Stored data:
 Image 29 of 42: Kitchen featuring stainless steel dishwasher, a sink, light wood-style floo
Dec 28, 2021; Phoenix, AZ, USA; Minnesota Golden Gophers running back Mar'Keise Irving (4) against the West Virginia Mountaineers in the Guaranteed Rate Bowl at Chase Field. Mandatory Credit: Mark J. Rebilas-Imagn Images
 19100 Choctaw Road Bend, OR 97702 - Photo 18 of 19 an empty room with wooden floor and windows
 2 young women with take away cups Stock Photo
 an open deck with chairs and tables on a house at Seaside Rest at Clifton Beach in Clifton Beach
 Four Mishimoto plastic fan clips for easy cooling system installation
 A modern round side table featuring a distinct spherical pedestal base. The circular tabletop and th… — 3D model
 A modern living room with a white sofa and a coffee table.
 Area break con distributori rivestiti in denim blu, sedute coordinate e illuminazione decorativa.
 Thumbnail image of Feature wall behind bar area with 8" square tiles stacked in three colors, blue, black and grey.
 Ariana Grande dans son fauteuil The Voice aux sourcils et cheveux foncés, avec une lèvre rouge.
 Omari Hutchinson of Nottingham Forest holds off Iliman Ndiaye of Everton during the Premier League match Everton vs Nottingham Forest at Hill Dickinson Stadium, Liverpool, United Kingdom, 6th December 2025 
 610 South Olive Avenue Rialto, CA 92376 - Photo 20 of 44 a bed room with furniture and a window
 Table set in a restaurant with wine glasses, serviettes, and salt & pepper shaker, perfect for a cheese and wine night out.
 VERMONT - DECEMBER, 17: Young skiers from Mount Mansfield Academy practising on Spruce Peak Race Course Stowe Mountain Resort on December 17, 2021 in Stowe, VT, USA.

--- Exercise requirements ---
Using the data above, transcribe the lines that run from the line with "an open deck" to the line with "Ariana Grande dans", both ends kept, and output nothing else.

--- Result for this task ---
 an open deck with chairs and tables on a house at Seaside Rest at Clifton Beach in Clifton Beach
 Four Mishimoto plastic fan clips for easy cooling system installation
 A modern round side table featuring a distinct spherical pedestal base. The circular tabletop and th… — 3D model
 A modern living room with a white sofa and a coffee table.
 Area break con distributori rivestiti in denim blu, sedute coordinate e illuminazione decorativa.
 Thumbnail image of Feature wall behind bar area with 8" square tiles stacked in three colors, blue, black and grey.
 Ariana Grande dans son fauteuil The Voice aux sourcils et cheveux foncés, avec une lèvre rouge.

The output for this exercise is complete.